==== Data for review ====

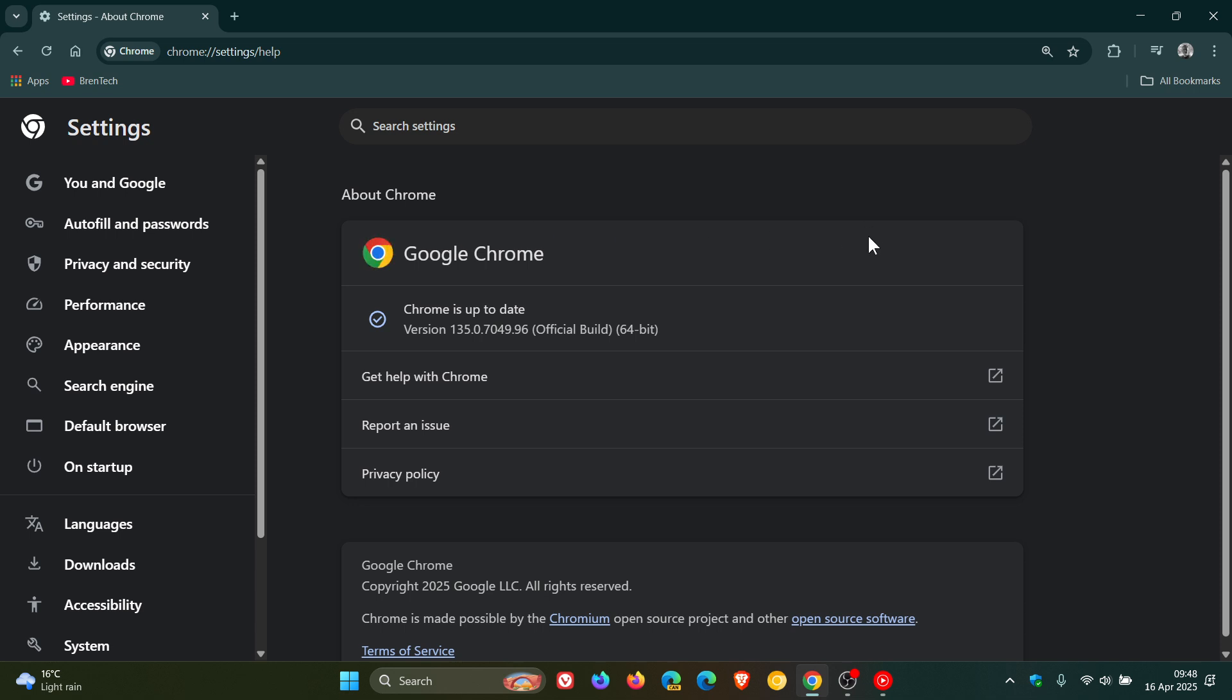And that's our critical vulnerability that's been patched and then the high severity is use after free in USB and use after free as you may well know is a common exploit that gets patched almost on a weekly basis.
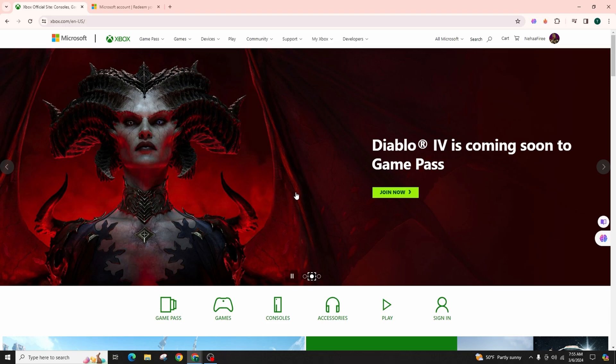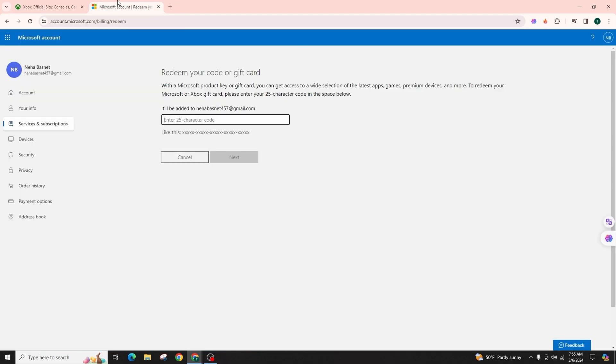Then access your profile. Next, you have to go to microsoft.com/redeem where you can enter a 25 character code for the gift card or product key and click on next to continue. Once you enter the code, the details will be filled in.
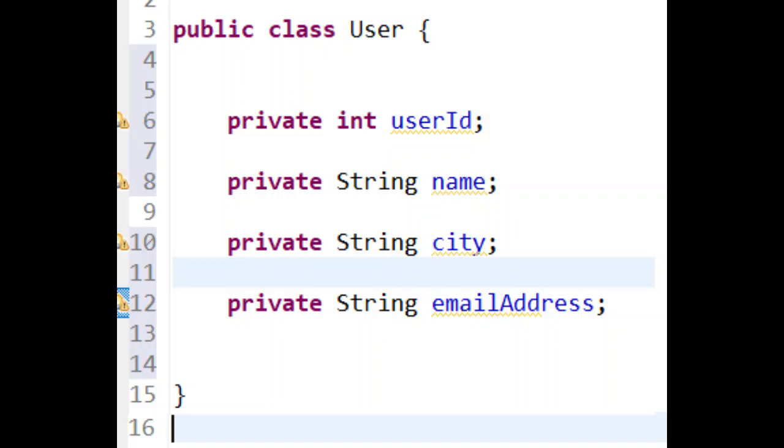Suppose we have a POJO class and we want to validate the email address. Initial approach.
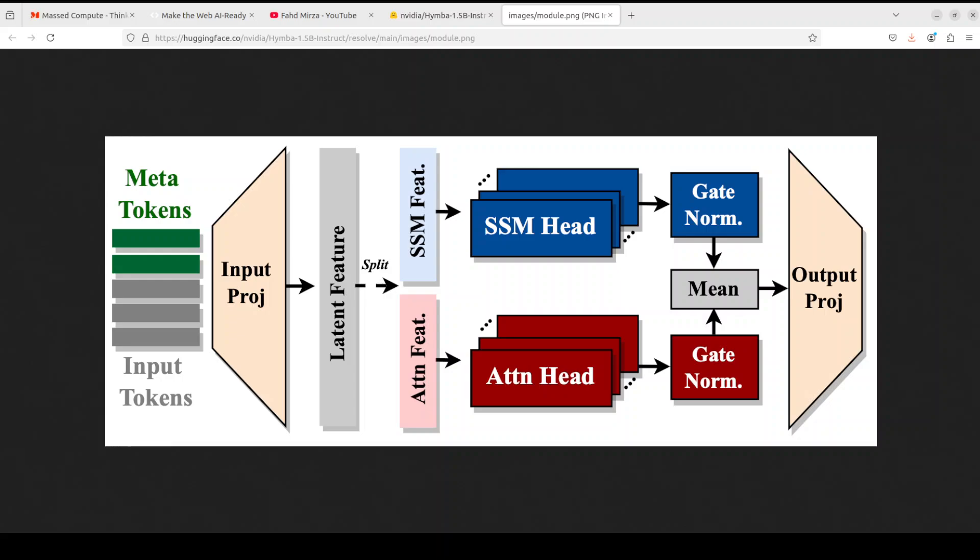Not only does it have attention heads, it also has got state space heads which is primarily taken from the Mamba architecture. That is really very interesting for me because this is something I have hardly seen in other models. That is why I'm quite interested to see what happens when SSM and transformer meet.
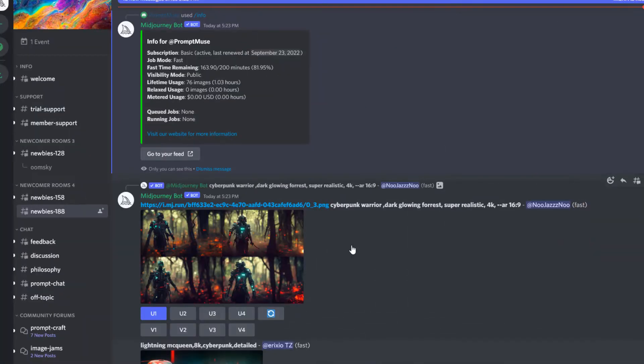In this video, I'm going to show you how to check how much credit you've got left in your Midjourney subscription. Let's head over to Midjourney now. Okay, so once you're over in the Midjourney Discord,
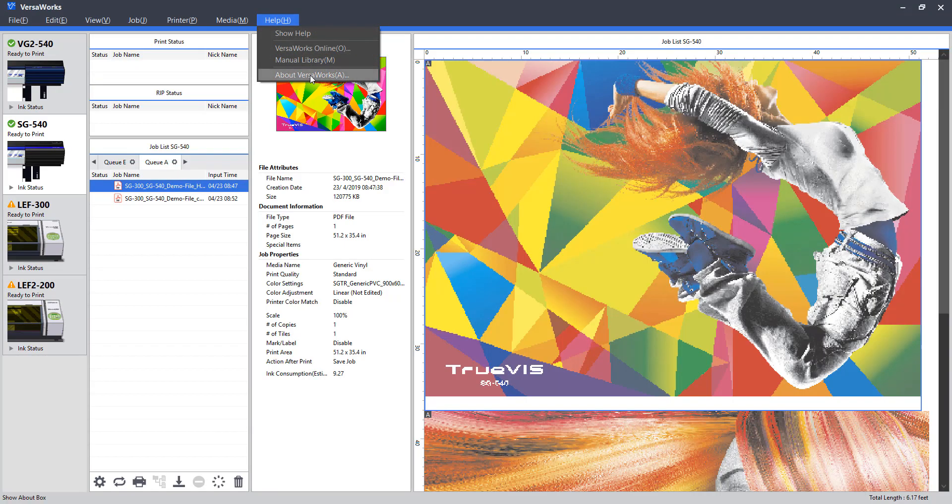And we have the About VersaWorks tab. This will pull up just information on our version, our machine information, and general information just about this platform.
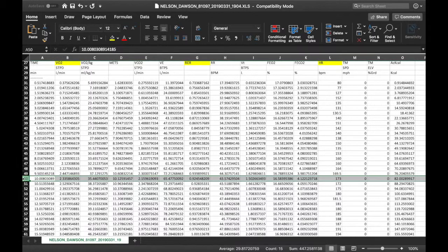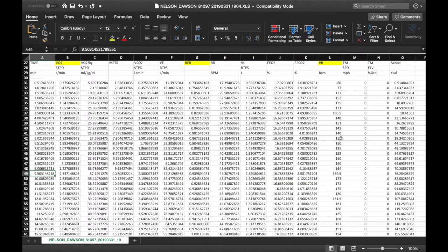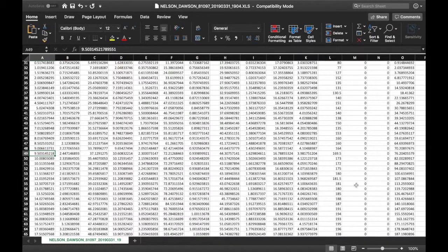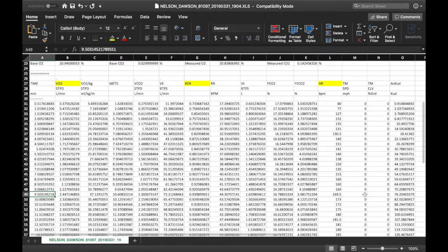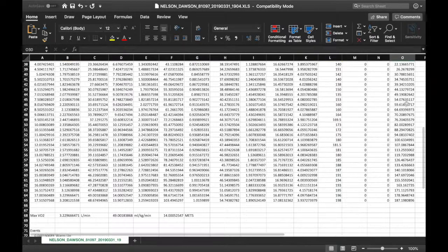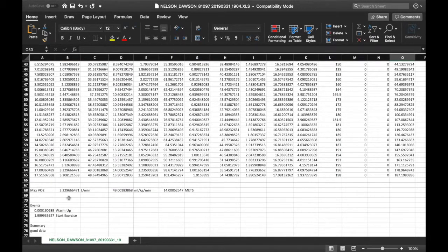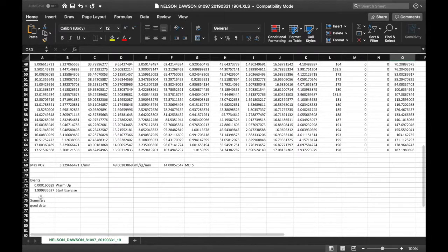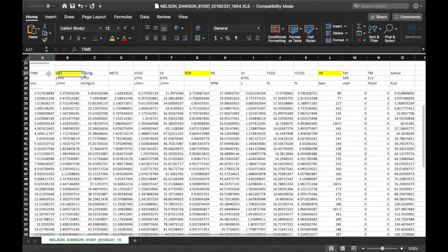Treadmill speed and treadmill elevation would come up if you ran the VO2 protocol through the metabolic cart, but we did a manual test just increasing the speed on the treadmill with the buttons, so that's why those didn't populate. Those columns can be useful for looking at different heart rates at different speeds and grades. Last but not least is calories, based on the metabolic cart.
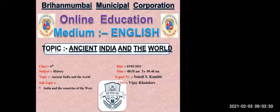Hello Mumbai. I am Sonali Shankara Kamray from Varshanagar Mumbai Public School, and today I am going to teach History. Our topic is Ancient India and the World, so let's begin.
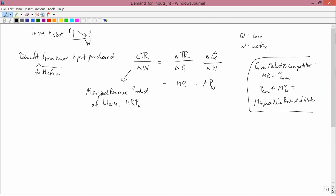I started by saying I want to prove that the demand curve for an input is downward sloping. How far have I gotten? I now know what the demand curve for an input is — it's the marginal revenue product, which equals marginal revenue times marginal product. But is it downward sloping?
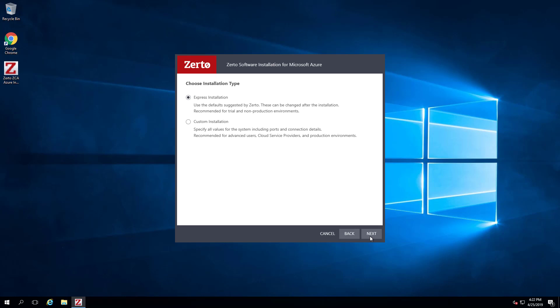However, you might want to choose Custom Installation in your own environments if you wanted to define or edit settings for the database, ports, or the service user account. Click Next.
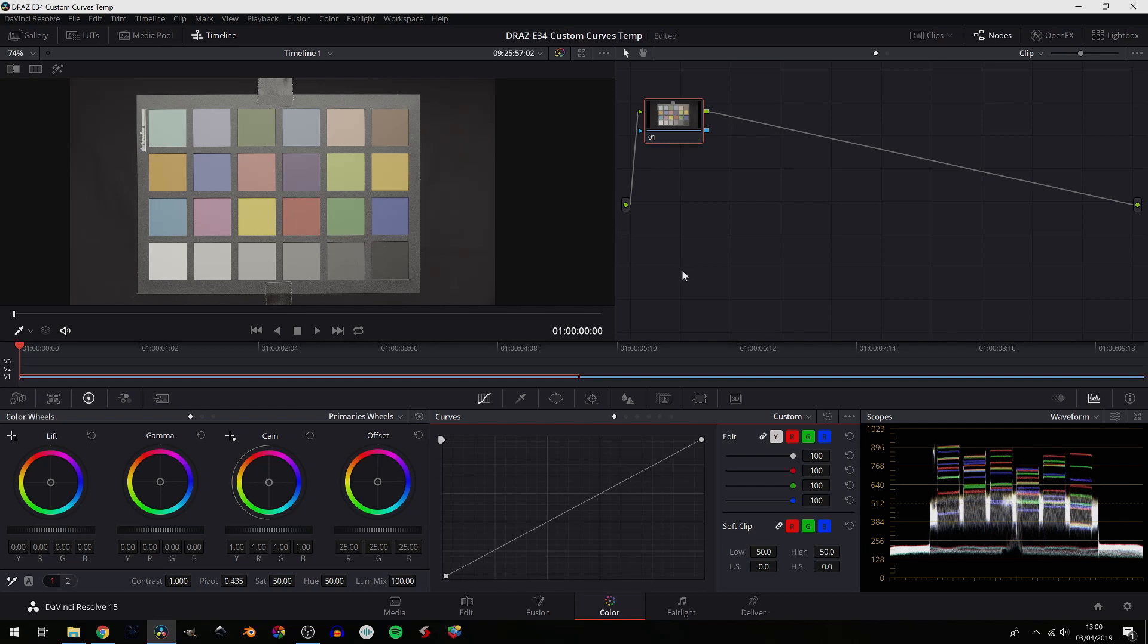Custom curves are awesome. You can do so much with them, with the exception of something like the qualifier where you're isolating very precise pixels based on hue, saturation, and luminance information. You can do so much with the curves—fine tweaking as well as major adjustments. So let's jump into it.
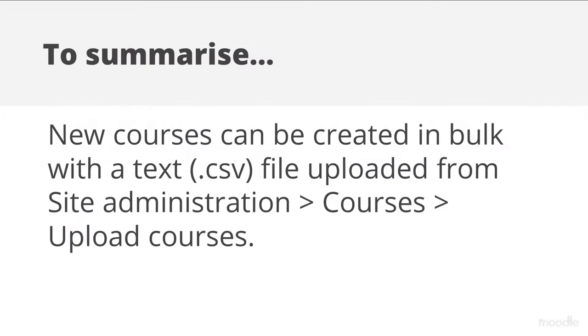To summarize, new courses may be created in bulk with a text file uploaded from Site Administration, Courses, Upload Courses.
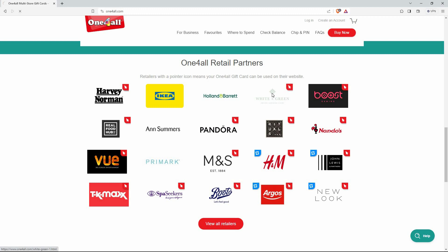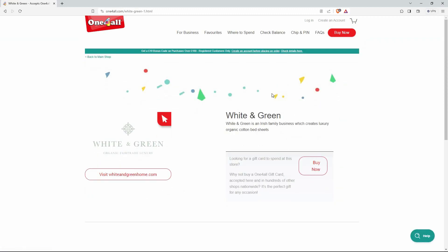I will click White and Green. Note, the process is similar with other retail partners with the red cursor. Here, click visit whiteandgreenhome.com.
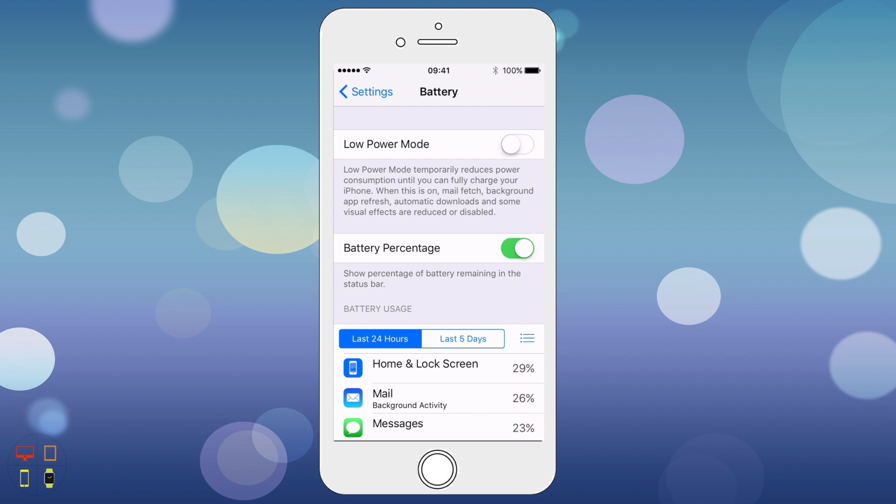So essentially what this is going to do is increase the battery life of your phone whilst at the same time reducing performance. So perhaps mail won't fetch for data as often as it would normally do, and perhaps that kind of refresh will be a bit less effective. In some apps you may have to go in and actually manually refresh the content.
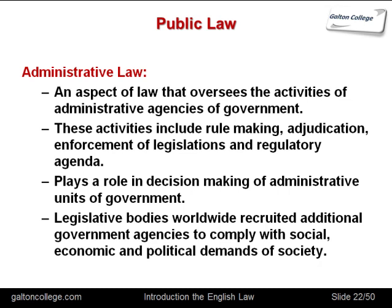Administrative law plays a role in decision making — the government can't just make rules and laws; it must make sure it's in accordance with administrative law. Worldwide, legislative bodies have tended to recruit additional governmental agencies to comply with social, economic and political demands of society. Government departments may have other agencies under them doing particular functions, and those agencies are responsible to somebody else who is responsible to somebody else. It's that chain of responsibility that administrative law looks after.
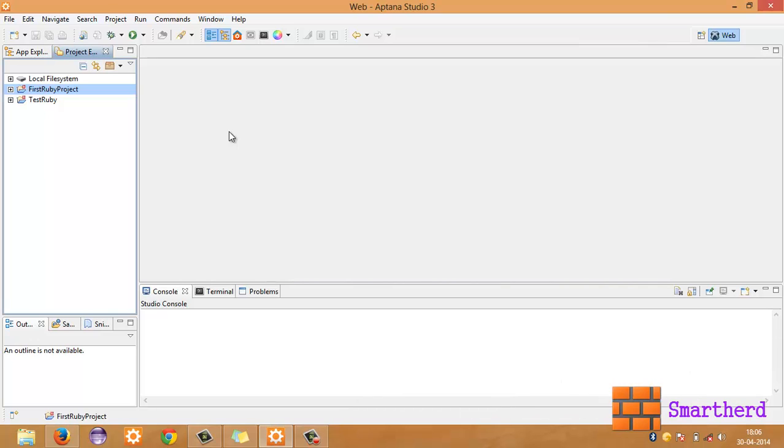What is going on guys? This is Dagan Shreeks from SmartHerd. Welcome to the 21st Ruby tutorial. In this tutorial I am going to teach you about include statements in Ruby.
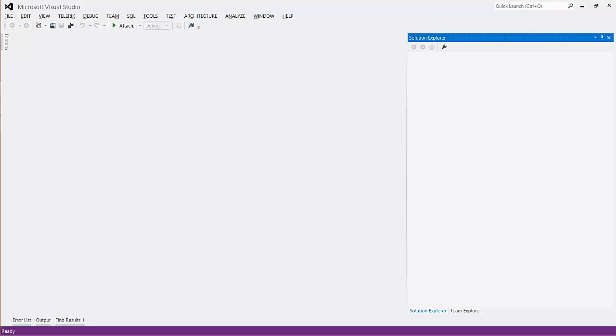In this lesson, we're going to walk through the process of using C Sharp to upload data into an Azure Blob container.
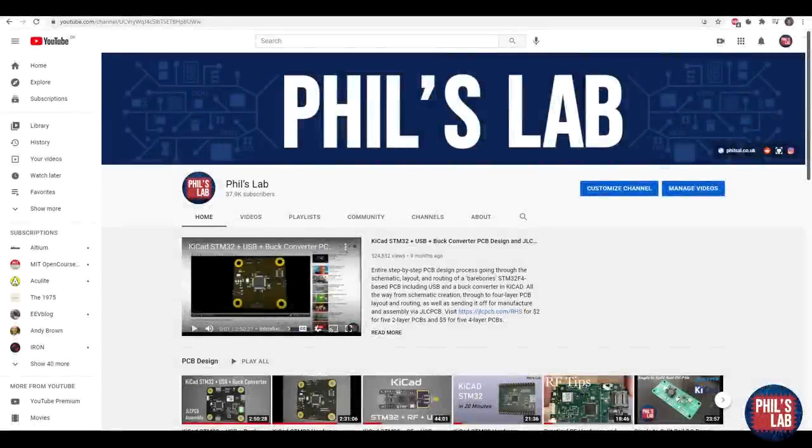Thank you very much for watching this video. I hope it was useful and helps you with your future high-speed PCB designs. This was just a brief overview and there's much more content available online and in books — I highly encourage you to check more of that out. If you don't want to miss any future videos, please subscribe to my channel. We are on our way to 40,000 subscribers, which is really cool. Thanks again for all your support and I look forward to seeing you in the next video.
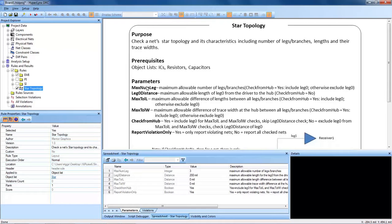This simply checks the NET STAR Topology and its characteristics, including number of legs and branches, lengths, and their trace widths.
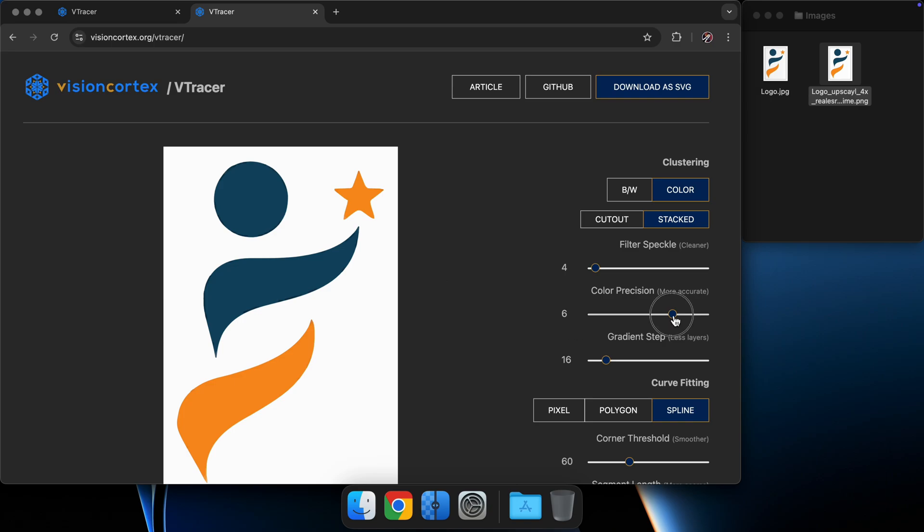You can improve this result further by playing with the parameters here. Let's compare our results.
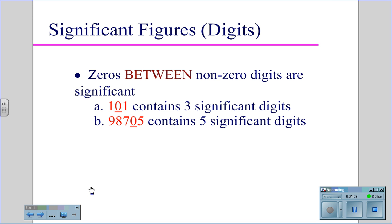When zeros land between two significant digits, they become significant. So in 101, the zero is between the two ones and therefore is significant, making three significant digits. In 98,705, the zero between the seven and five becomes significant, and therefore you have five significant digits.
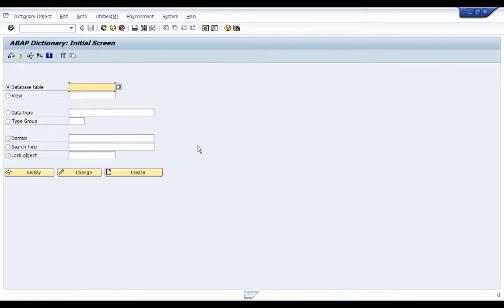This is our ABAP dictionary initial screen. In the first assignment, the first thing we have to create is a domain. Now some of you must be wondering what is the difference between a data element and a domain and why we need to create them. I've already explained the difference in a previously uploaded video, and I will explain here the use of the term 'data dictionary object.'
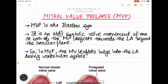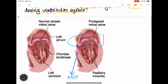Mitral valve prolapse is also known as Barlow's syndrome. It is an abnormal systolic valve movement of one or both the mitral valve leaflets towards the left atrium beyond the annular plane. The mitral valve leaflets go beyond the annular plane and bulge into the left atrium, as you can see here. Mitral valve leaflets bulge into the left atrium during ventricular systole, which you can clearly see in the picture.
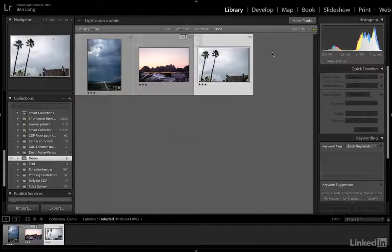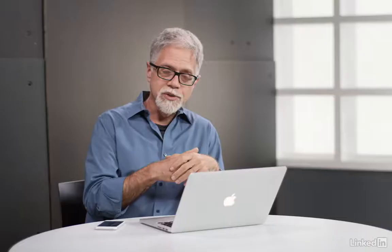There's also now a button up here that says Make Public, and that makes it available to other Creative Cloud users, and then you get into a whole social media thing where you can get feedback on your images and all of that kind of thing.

====

Copy all records exactly, no images.

And that's our critical vulnerability that's been patched and then the high severity is use after free in USB and use after free as you may well know is a common exploit that gets patched almost on a weekly basis.
Then access your profile. Next, you have to go to microsoft.com/redeem where you can enter a 25 character code for the gift card or product key and click on next to continue. Once you enter the code, the details will be filled in.
Suppose we have a POJO class and we want to validate the email address. Initial approach.
Not only does it have attention heads, it also has got state space heads which is primarily taken from the Mamba architecture. That is really very interesting for me because this is something I have hardly seen in other models. That is why I'm quite interested to see what happens when SSM and transformer meet.
In this video, I'm going to show you how to check how much credit you've got left in your Midjourney subscription. Let's head over to Midjourney now. Okay, so once you're over in the Midjourney Discord,
And we have the About VersaWorks tab. This will pull up just information on our version, our machine information, and general information just about this platform.
Treadmill speed and treadmill elevation would come up if you ran the VO2 protocol through the metabolic cart, but we did a manual test just increasing the speed on the treadmill with the buttons, so that's why those didn't populate. Those columns can be useful for looking at different heart rates at different speeds and grades. Last but not least is calories, based on the metabolic cart.
Hello Mumbai. I am Sonali Shankara Kamray from Varshanagar Mumbai Public School, and today I am going to teach History. Our topic is Ancient India and the World, so let's begin.
I started by saying I want to prove that the demand curve for an input is downward sloping. How far have I gotten? I now know what the demand curve for an input is — it's the marginal revenue product, which equals marginal revenue times marginal product. But is it downward sloping?
However, you might want to choose Custom Installation in your own environments if you wanted to define or edit settings for the database, ports, or the service user account. Click Next.
Custom curves are awesome. You can do so much with them, with the exception of something like the qualifier where you're isolating very precise pixels based on hue, saturation, and luminance information. You can do so much with the curves—fine tweaking as well as major adjustments. So let's jump into it.
To summarize, new courses may be created in bulk with a text file uploaded from Site Administration, Courses, Upload Courses.
I will click White and Green. Note, the process is similar with other retail partners with the red cursor. Here, click visit whiteandgreenhome.com.
So essentially what this is going to do is increase the battery life of your phone whilst at the same time reducing performance. So perhaps mail won't fetch for data as often as it would normally do, and perhaps that kind of refresh will be a bit less effective. In some apps you may have to go in and actually manually refresh the content.
Administrative law plays a role in decision making — the government can't just make rules and laws; it must make sure it's in accordance with administrative law. Worldwide, legislative bodies have tended to recruit additional governmental agencies to comply with social, economic and political demands of society. Government departments may have other agencies under them doing particular functions, and those agencies are responsible to somebody else who is responsible to somebody else. It's that chain of responsibility that administrative law looks after.
What is going on guys? This is Dagan Shreeks from SmartHerd. Welcome to the 21st Ruby tutorial. In this tutorial I am going to teach you about include statements in Ruby.
In this lesson, we're going to walk through the process of using C Sharp to upload data into an Azure Blob container.
Thank you very much for watching this video. I hope it was useful and helps you with your future high-speed PCB designs. This was just a brief overview and there's much more content available online and in books — I highly encourage you to check more of that out. If you don't want to miss any future videos, please subscribe to my channel. We are on our way to 40,000 subscribers, which is really cool. Thanks again for all your support and I look forward to seeing you in the next video.
This simply checks the NET STAR Topology and its characteristics, including number of legs and branches, lengths, and their trace widths.
You can improve this result further by playing with the parameters here. Let's compare our results.
When zeros land between two significant digits, they become significant. So in 101, the zero is between the two ones and therefore is significant, making three significant digits. In 98,705, the zero between the seven and five becomes significant, and therefore you have five significant digits.
This is our ABAP dictionary initial screen. In the first assignment, the first thing we have to create is a domain. Now some of you must be wondering what is the difference between a data element and a domain and why we need to create them. I've already explained the difference in a previously uploaded video, and I will explain here the use of the term 'data dictionary object.'
Mitral valve prolapse is also known as Barlow's syndrome. It is an abnormal systolic valve movement of one or both the mitral valve leaflets towards the left atrium beyond the annular plane. The mitral valve leaflets go beyond the annular plane and bulge into the left atrium, as you can see here. Mitral valve leaflets bulge into the left atrium during ventricular systole, which you can clearly see in the picture.
There's also now a button up here that says Make Public, and that makes it available to other Creative Cloud users, and then you get into a whole social media thing where you can get feedback on your images and all of that kind of thing.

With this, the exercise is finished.